Aida Touma-Sliman, general director of an NGO called Women Against Violence, an Arab feminist NGO, explains why this was such a hot-potato issue. “It was obvious that this law should have been legislated right away but [Jewish and Arab] politicians had an agenda: not to get into conflict with the Arab leadership, which organizes the Arab vote,” Touma-Sliman says. “The changing of the law was the breaking of a taboo.”
Despite strong pressure and a threat by the northern branch of the Islamic Movement to challenge the amendment in the Supreme Court, the Knesset passed a bill in 2001. It marked the first time that Arab feminists had organized to successfully challenge the patriarchal status quo.
“The situation in which Arab women were completely trapped within the religious court system has changed,” says Hadas Tagari, the lawyer for ACRI, who organized and coordinated the coalition. “This also has constitutional importance as a statement that all citizens are equal before the law. The legal system needs to think of the Arabs as an integral part of the population and not as an afterthought.”
Touma-Sliman agrees. “We managed to accomplish recognition of the idea of equality and that what is good for the Jews is good also for the Arabs,” she says. “We broke the monopoly of the religious courts over our lives and personal statue issues and gave women the opportunity to choose. As a side effect of this change, the religious courts began to develop their services and became better for women in general because they felt the competition.”
Competition with civil courts has nothing to do with the improvements and reform in the shari’a courts, says Abu Obeid, the qadi in the shari’a court in Baqa al-Gharbiya.
“President Natour instituted huge reforms in the system when he became president of the Court of Appeals in 1994… he has lifted the veil off of the very just principles of the shari’a and has emphasized them in his decisions,” he says. Abu Obeid, who has a law degree from Essex University in England, points out that today all qadis are law school graduates and that some have advanced degrees and lecture in universities.
He says that the shari’a courts offer Muslim women significant advantages.“Arab women in Israel have less economic ability to fight in court. They also have problems speaking Hebrew. When a woman comes before me she can speak fluently in her language. I come from the same background and I can understand her. She doesn’t need a lawyer. She can come to the court stand in front of me and state her case. She doesn’t need to file papers and go through all these legal procedures… In the civil court, men have the advantage because they have the money.”
NONETHELESS, DIVORCE ATtorneys say they see increasing numbers of women turning to the civil courts.
“There is definitely a growing trend of Muslim women who are bypassing the shari’a courts and going to the civil courts,” says Eliezer Grisariu, a Jewish divorce lawyer in Rishon Lezion, who has seen the number of his Muslim clients grow over the past few years.
A spokesman for the courts administration tells The Report that the courts do not compile statistics on the religious affiliation of petitioners and therefore it is impossible to know the number of Muslims turning to the Family Affairs Court.
Shirin Batshon, legal director at Kayan, an Arab feminist organization, tells The Report that she advises her clients, especially those facing custody issues, to go to civil court.
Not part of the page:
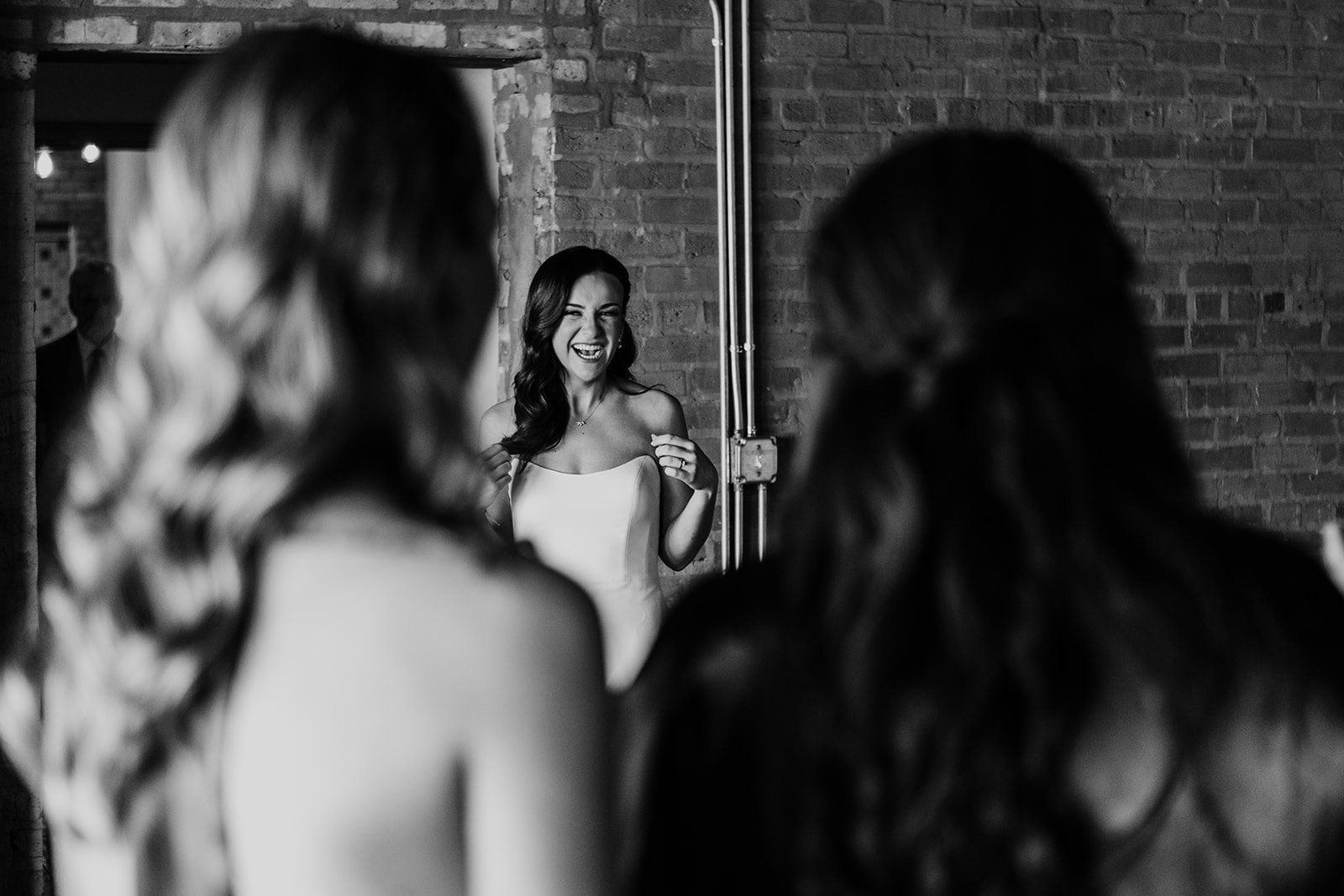 Fairlie-Chicago-wedding-by-Emma-Mullins-Photography-28.jpg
She notes, for example, that according to sharia law, if a divorced woman marries someone who is not in her former husband’s family, custody will be transferred to the father, unless she can prove that he is an unfit parent.
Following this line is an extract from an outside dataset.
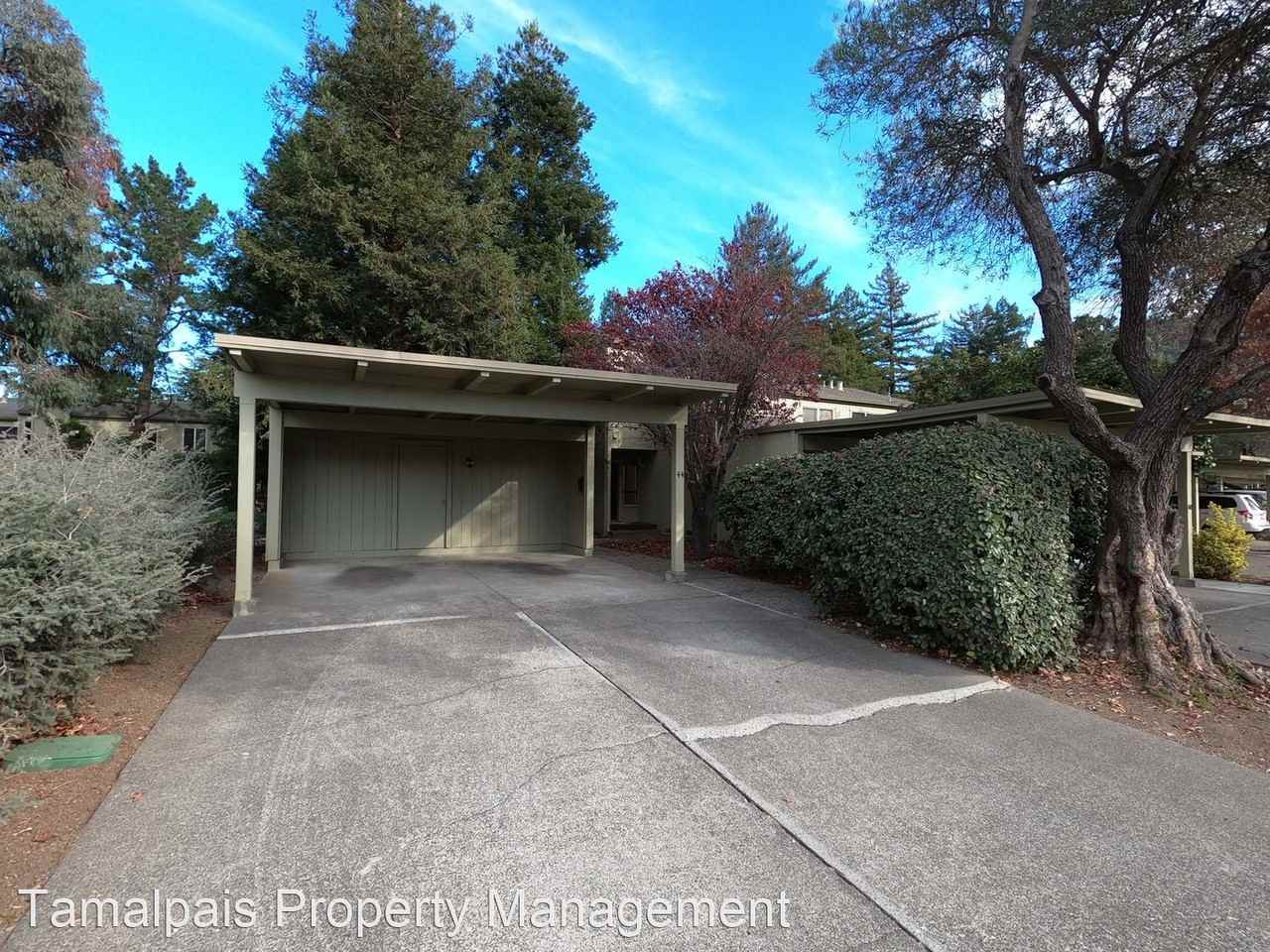 44 Schmidt Ln - Photo 2 of 16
“Even if a woman is awarded custody [of her children] by the shari’a court, she is at risk of losing it later if she remarries,” she warns.
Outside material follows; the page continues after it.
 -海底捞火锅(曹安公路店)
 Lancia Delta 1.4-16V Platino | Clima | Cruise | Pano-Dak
Indeed, three years ago, Faizieh Abou Ramadan, the divorced woman from Jaffa, was engaged to be married but broke off the engagement for fear that she could lose her children. “If I were to remarry, the father would have the right to take the kids from me under shari’a law,” she says. “According to Israeli law there must be a report from a social worker about what is best for the children. I was afraid the qadi would give the children to the father without respecting Israeli law. I didn’t feel strong enough to fight.
My lawyer told me that I don’t have to be afraid, but I didn’t want to take a risk. If I had believed that the qadi would consider the well-being of my children, I would have remarried.”
Furthermore, notes Batshon, civil courts tend to award slightly higher child support. According to a 2009 report from the National Insurance Institute the average child support given by civil courts to a woman with two children is NIS 2,359 compared with NIS 1,916 awarded by the shari’a courts.
ARAB FEMINIST activists would like to see the government make it easier for Muslim women to go to civil court, including appointing Muslim family court judges, especially women.
“Only 20 percent of women work and few have academic education,” says Heba Yazbak, general coordinator of the Working Group for Equality in Personal Status Issues a coalition (including the Association for Civil Rights in Israel, Kayan, the Israel Women’s Network, Women Against Violence, and the Altufula Center, Nazareth) working to promote the rights of Arab Israeli women “Some don’t speak Hebrew well and all the papers are in Hebrew. There is a feeling of alienation in the civil courts. And also there are no Arab judges. It is important to understand the cultural and religious context of the people involved and in the civil courts that doesn’t exist. We are lobbying the Ministry of Justice to appoint more Arab judges in the civil court system, especially more women.”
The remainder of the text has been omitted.